# Mobile, AL Bank Fishing



## hookemdano (Feb 9, 2007)

I've been told the pier on the way to Dauphin Island can be good at times but I can't claim first hand knowledge of that. There are a handful of guys from Mobile and Eastern Shore that will hopefully see this. Good Luck.


----------



## pt448 (Mar 22, 2014)

Thanks for the help. Orientation ends at 5 each day and the wife and kids are staying home so I figured doing a little fishing would be a good way to pass the time each evening. I'm staying off of 65 so I'll have to see how far of a drive it is to that pier. Googling around the internet I found some mention of people fishing under the Dog River bridge which isn't too far. I know this section doesn't get too much traffic so if I don't get any more responses in a week or two I might post in the fishing report section or even the general discussion section. Thanks again.


----------



## revenuer95b (Jul 3, 2015)

The ponds on campus hold bass if your interested. When I was in my undergrad I use to carry a rod and fish a little for bass. Small jigs and plastic worms worked well.


----------



## pt448 (Mar 22, 2014)

> The ponds on campus hold bass if your interested. When I was in my undergrad I use to carry a rod and fish a little for bass. Small jigs and plastic worms worked well.

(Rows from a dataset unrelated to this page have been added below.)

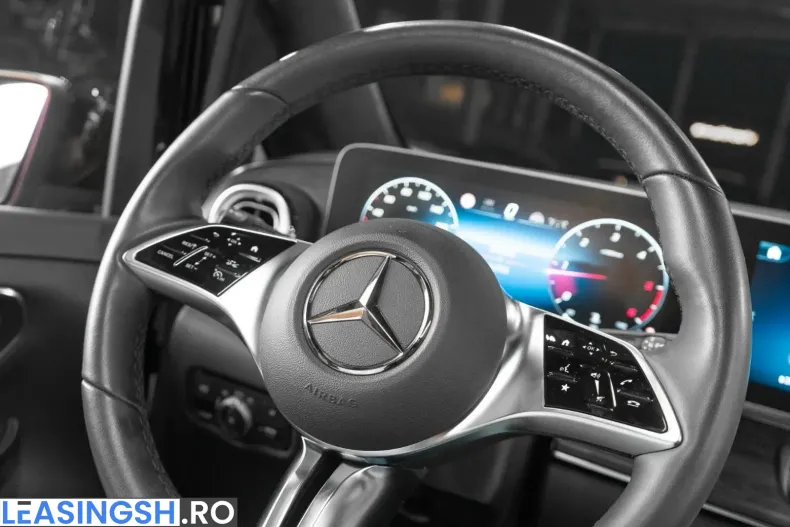 Mercedes-Benz V 300 (Clasa V) din 2024 cu 12.000 km - oferta MER241733 - foto 18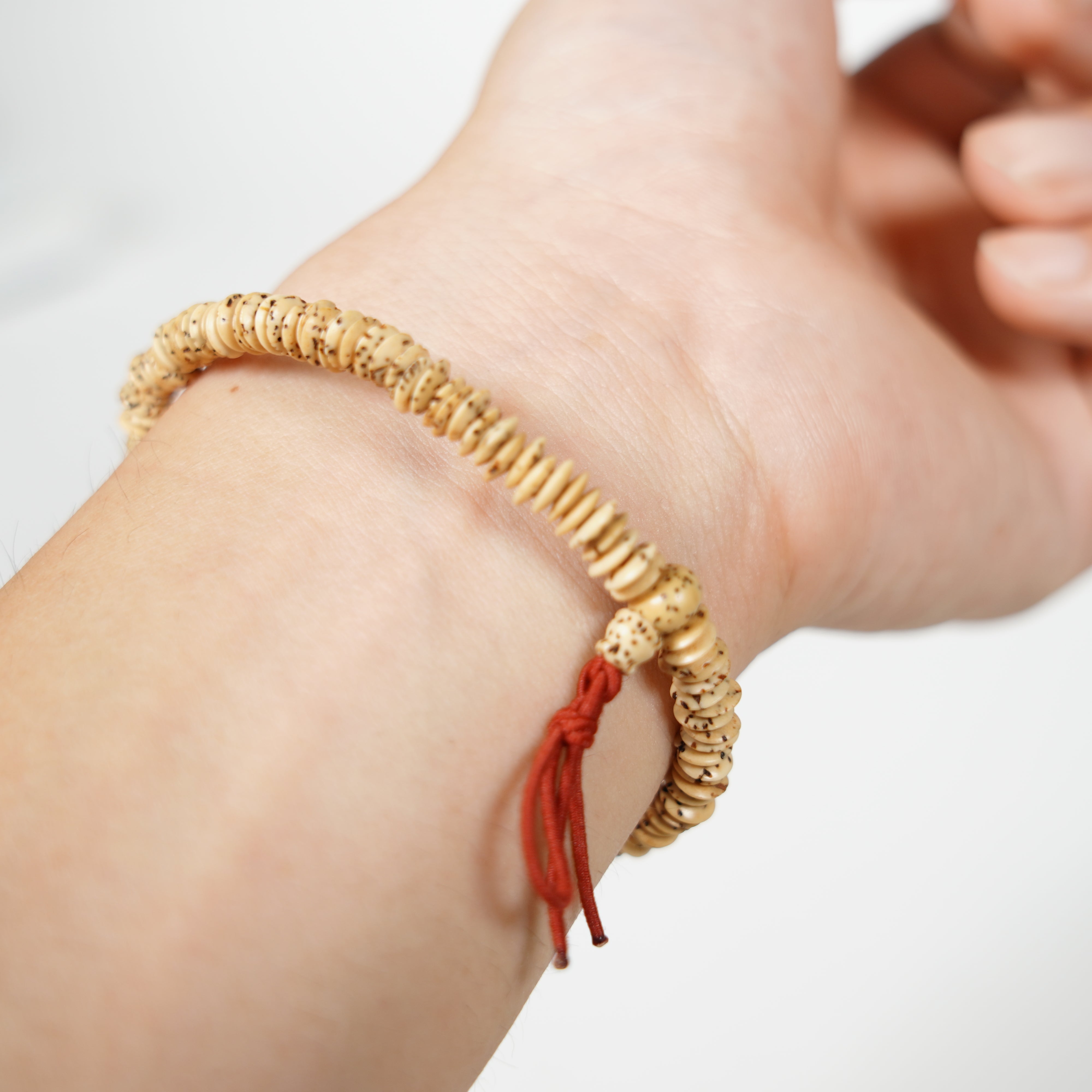 Bracciale Goshiki Nenju / White / 108 perline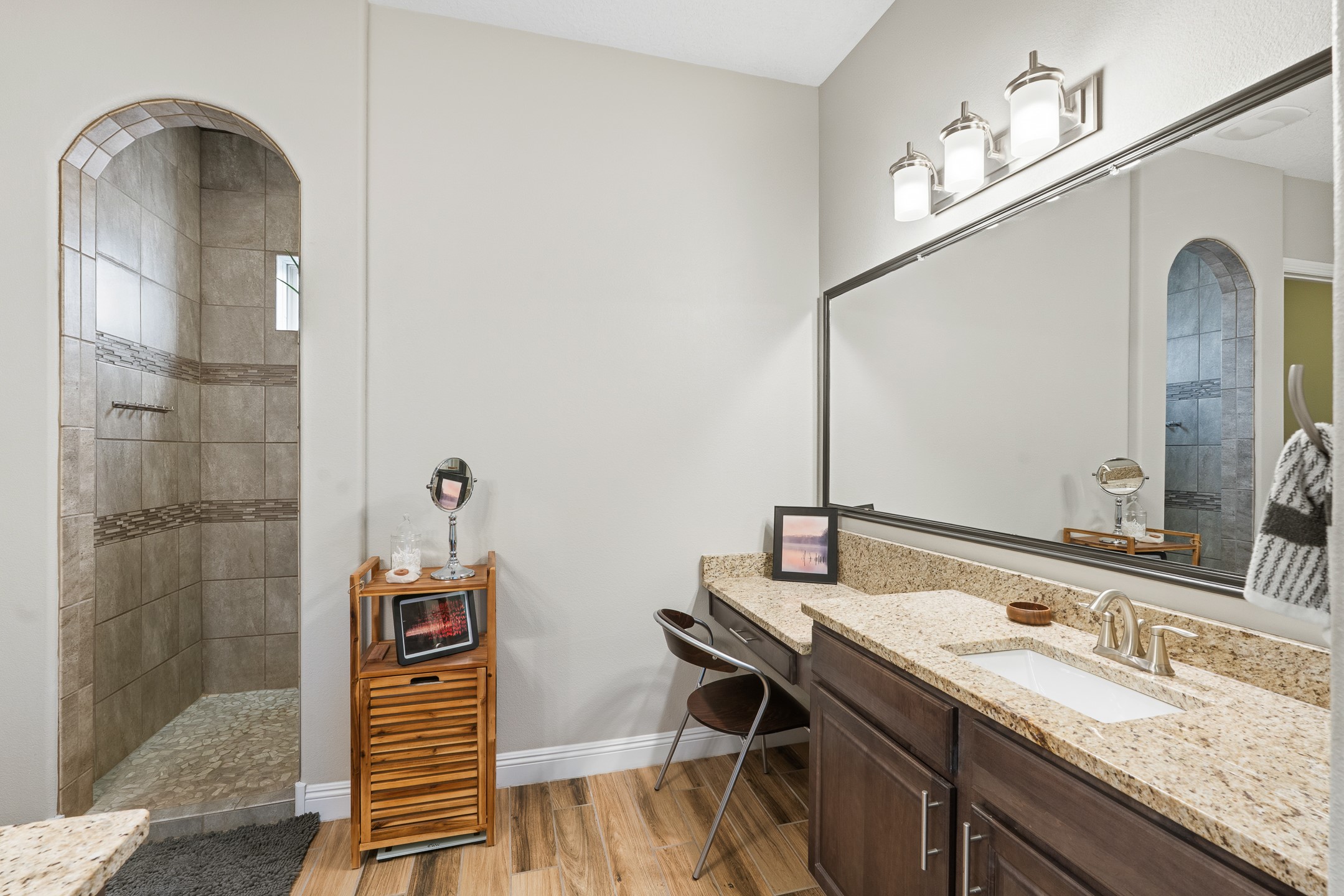 4759 Lluvia Encantada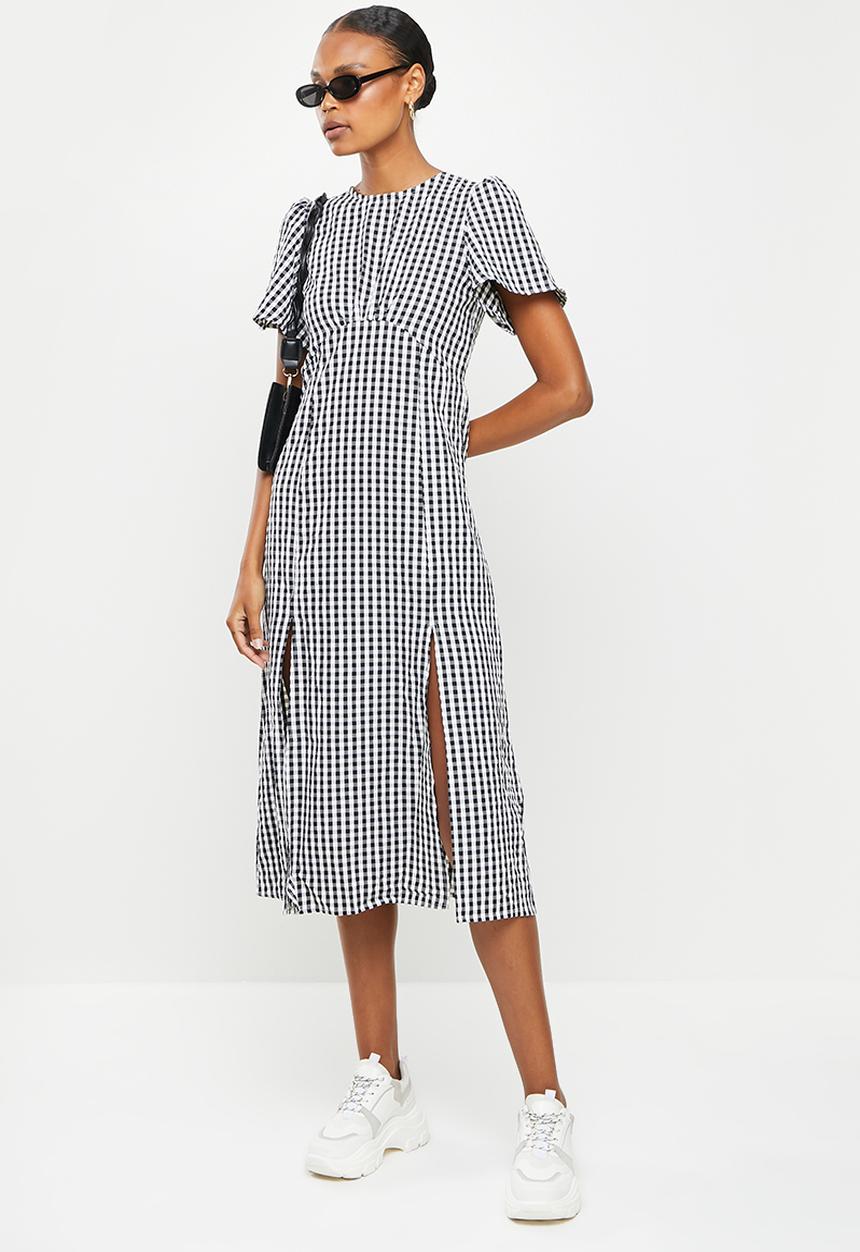 Missguided - Flutter sleeve midi gingham dress - black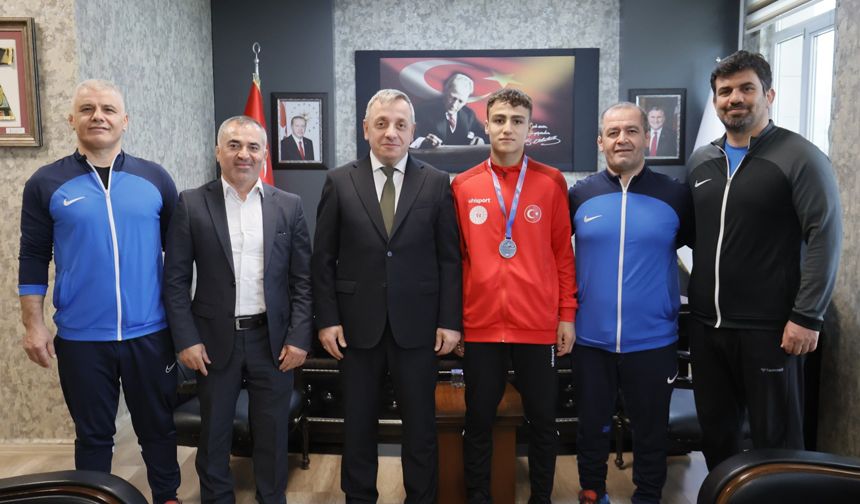 Sırbistan’da Gümüşle Taçlanan Güreşçi, Geleceğe Umutla Bakıyor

Thanks. There was a pond right by where our orientation was held. It didn't have much water in it but I definitely would have tried it out. I wound up driving down to Dauphin Island Sunday evening and Monday morning. I caught a really nice trout on topwater Monday morning. I enjoyed the orientation too. The program im in has impressed me so far and the campus was really nice too. I'll probably go back with the family for graduation in a couple years.


----------



## Guest (Aug 31, 2015)

pt448 said:


> Thanks. There was a pond right by where our orientation was held. It didn't have much water in it but I definitely would have tried it out. I wound up driving down to Dauphin Island Sunday evening and Monday morning. I caught a really nice trout on topwater Monday morning. I enjoyed the orientation too. The program im in has impressed me so far and the campus was really nice too. I'll probably go back with the family for graduation in a couple years.


Glad to hear you caught some.


----------



## pt448 (Mar 22, 2014)

CWright said:


> Glad to hear you caught some.


Your suggestions made all the difference. Thanks again. I'll be back in a couple years for graduation. Next time I'll bring the fam and make a little vacation out of it.


----------